Why talk about illness when talking about art and ideas is so much more interesting and comfortable? Because in the end a professional art-practice comprises of more than making the work – after all it needs to be exposed to other eyes and minds, preferably in exhibitions of quality; needs to enter in conversations with other pieces, in different contexts, be allowed to reveal new aspects. Have a social life! And all being well sell one day too.
The point of writing here, exactly here, as part of a-n talking, with its audience of artists and art professionals, is that, alongside introducing my art, I want to speak about how illness can place you and your work outside the art-loop. And try to find ways of addressing that.
It’s taken a bit of soul-searching. My first impulse is to be evasive about the extent of ‘my’ M.E., for all kinds of reasons, personal and professional:
• I hate the effects of being ill, how it slows me down so treacherously, curbs control and independence and makes my world smaller.
• I keep thinking improvement is just around the corner.

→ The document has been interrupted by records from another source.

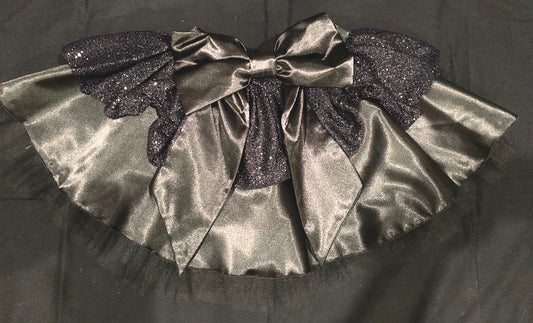 Little Black Skirt Running Tutu Skirt
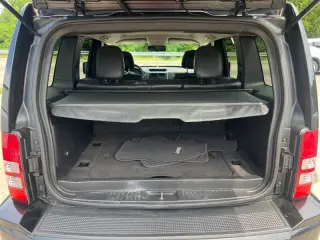 2012 Jeep Liberty Latitude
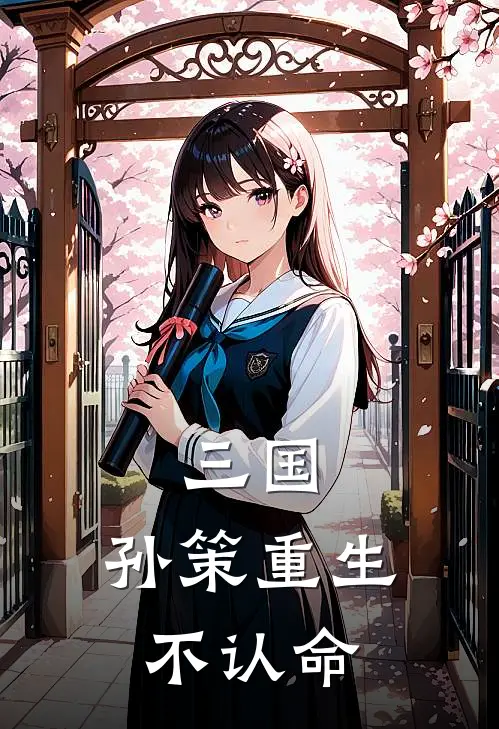 三国：孙策重生不认命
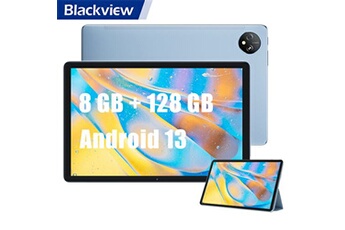 Tablette Tactile 10.1Pouces Blackview Tab 80 Android13 8+128Go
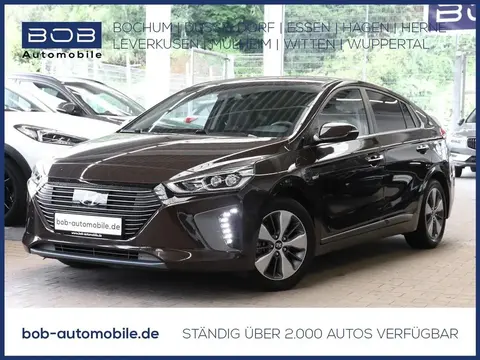 Used HYUNDAI IONIQ Hybrid 2019 Ad 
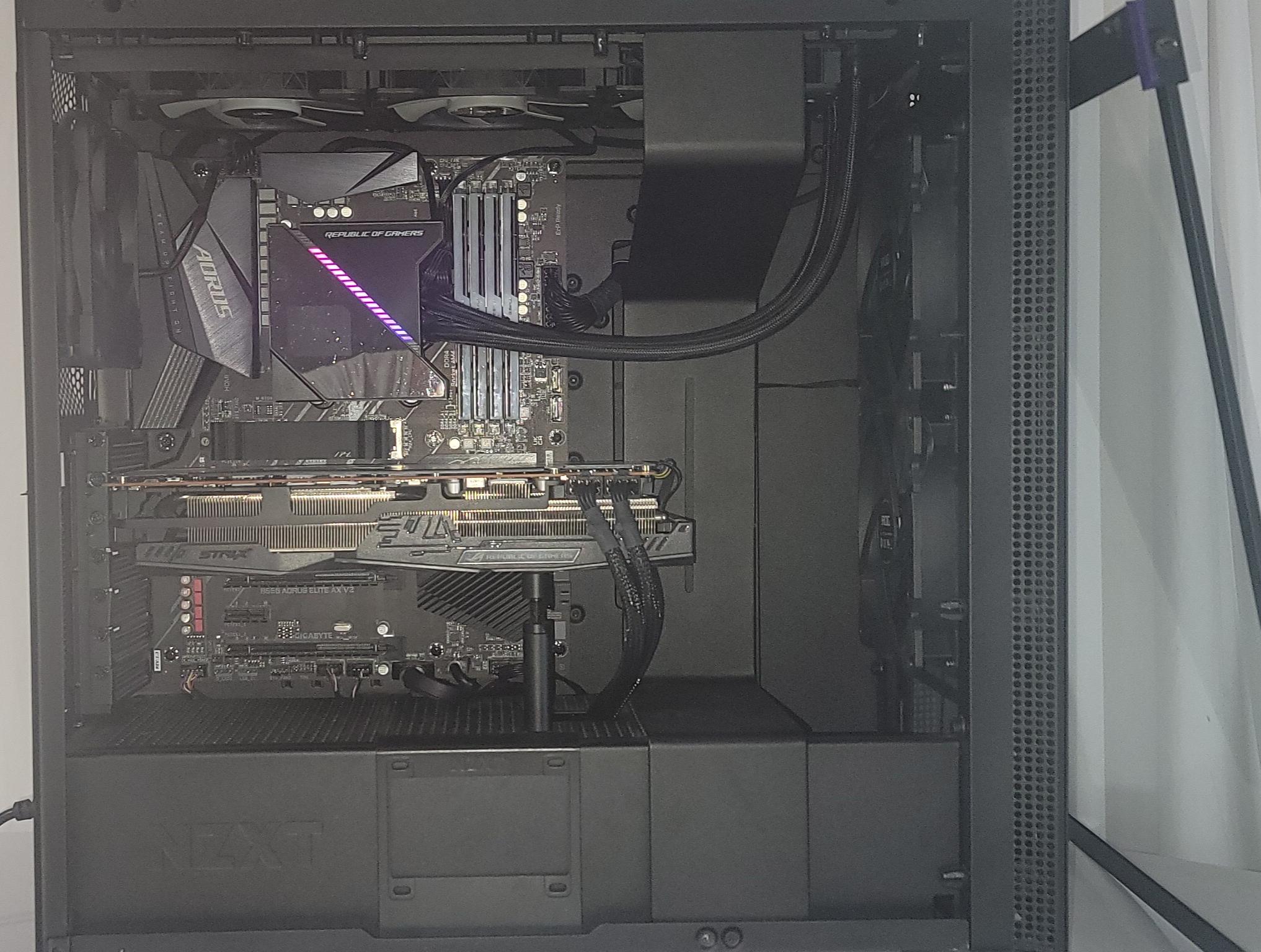 Refurbished – Ryzen 7 3800X & RX 5700 XT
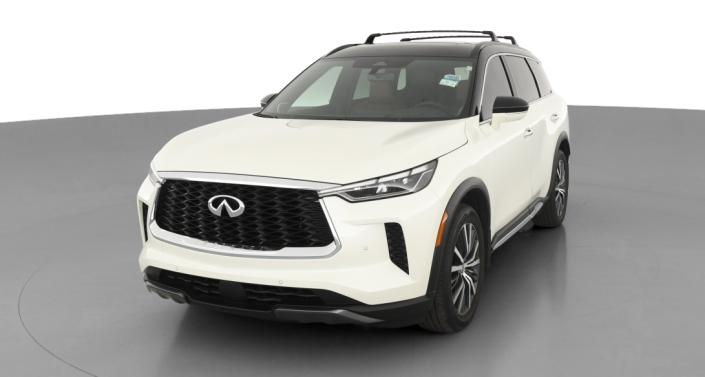 2024 INFINITI QX60 Autograph -
                Wheatland, OK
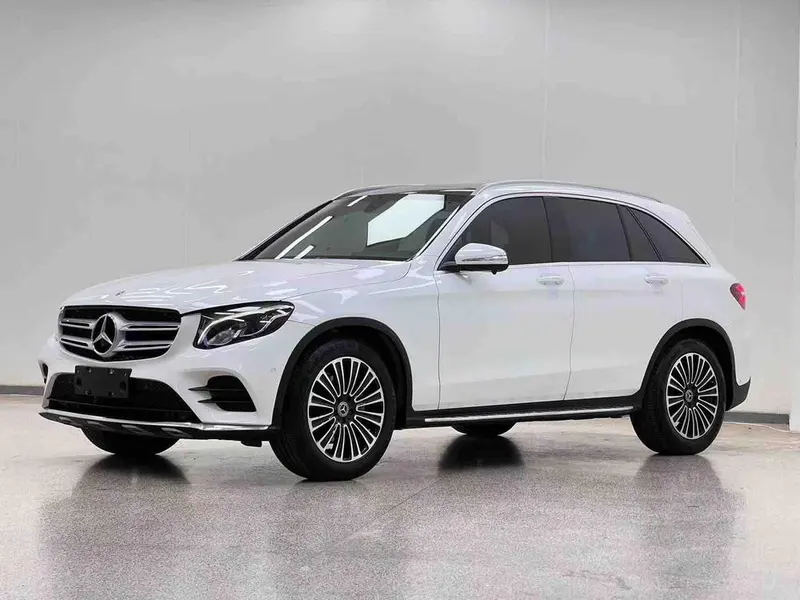 Mercedes-Benz GLC, 2018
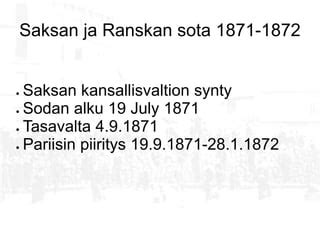  Pariisin kommunardi 1871: Kansankorotus ja verinen kukistuminen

• I am worried that it will negatively affect, even dispel, offers of opportunities to exhibit my work.
• I don’t want to be labeled.
• I don’t want my art seen through its prism.
• I have times when I judge myself for being ill. (That’s not being helped by the prevailing complacent attitudes towards people with M.E.)
• And last year, which after all was a good one in terms of visibility of my art, here and abroad, I had hoped that my work would pull me bodily out into the world too. Didn’t.
It’s a fact: my work still travels better than I do!